§ About this task
Give the data below again exactly as written, but without the pictures.

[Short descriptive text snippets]
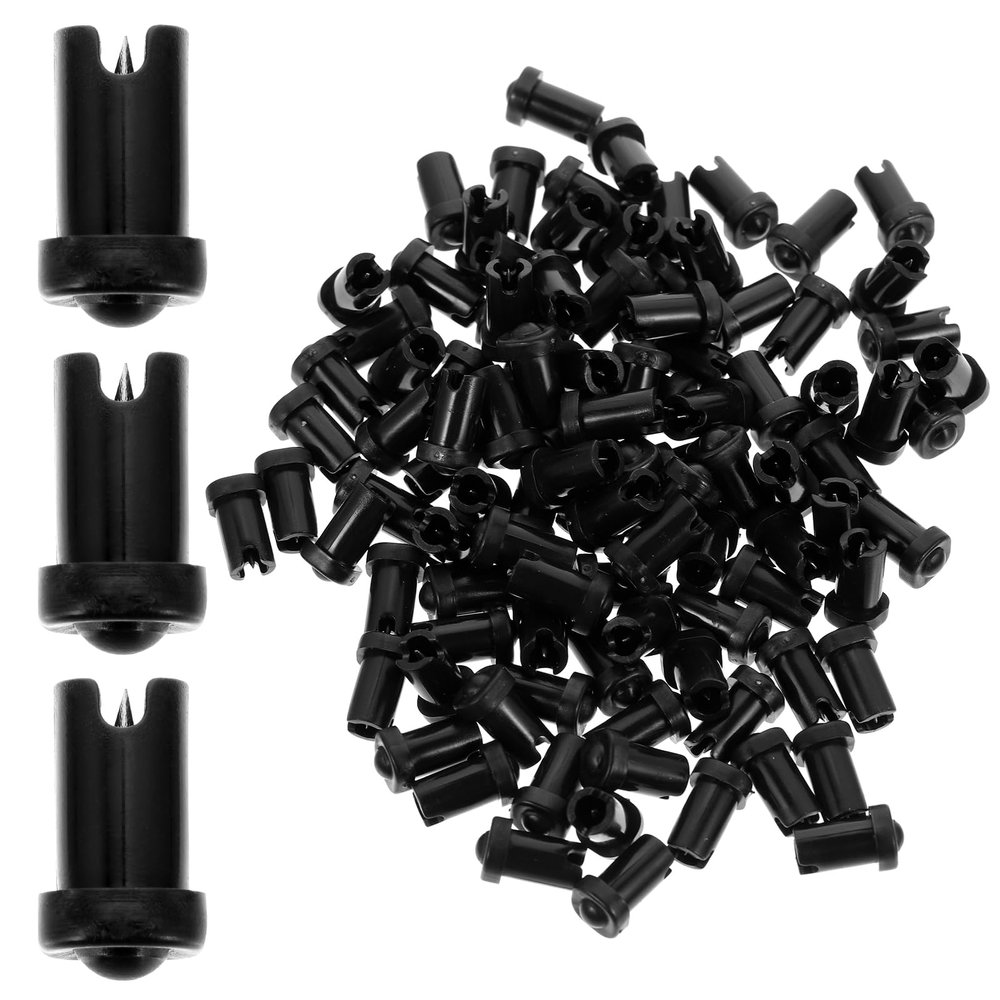 100pcs Glue Bottle Anti-Blocking Needle Lash Tools for Eyelash Extensions Lash Extensions Supplies Glue Bottle Pin Nozzle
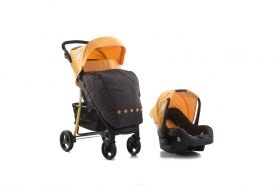 KikkaBoo Бебешка количка 2 в 1 Verona *Yellow*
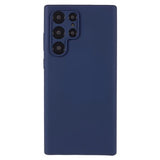 Silky Samsung Galaxy S22 Ultra 5G Silikone Cover - Mørkeblå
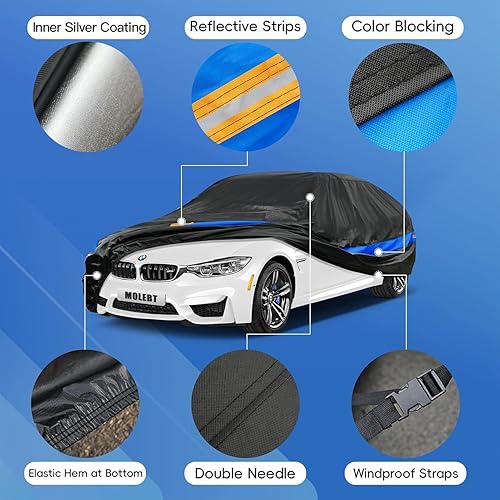 Miniatura 4 de Funda impermeable para automóvil para todo tipo de clima, ajuste universal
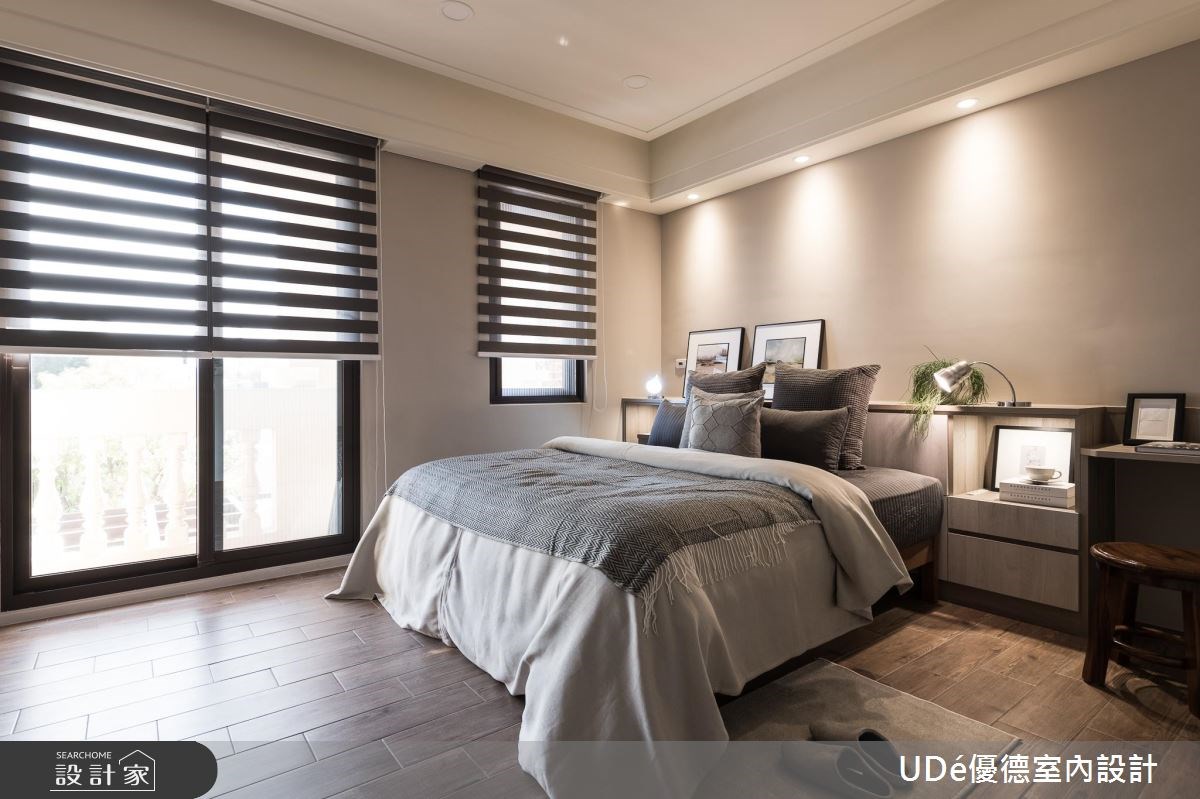 70坪新成屋(5年以下)＿混搭風臥室案例圖片＿優德室內設計 X 日金空間設計＿優德_謙華【Gorgeous Humility】之26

§ Response below
 100pcs Glue Bottle Anti-Blocking Needle Lash Tools for Eyelash Extensions Lash Extensions Supplies Glue Bottle Pin Nozzle
 KikkaBoo Бебешка количка 2 в 1 Verona *Yellow*
 Silky Samsung Galaxy S22 Ultra 5G Silikone Cover - Mørkeblå
 Miniatura 4 de Funda impermeable para automóvil para todo tipo de clima, ajuste universal
 70坪新成屋(5年以下)＿混搭風臥室案例圖片＿優德室內設計 X 日金空間設計＿優德_謙華【Gorgeous Humility】之26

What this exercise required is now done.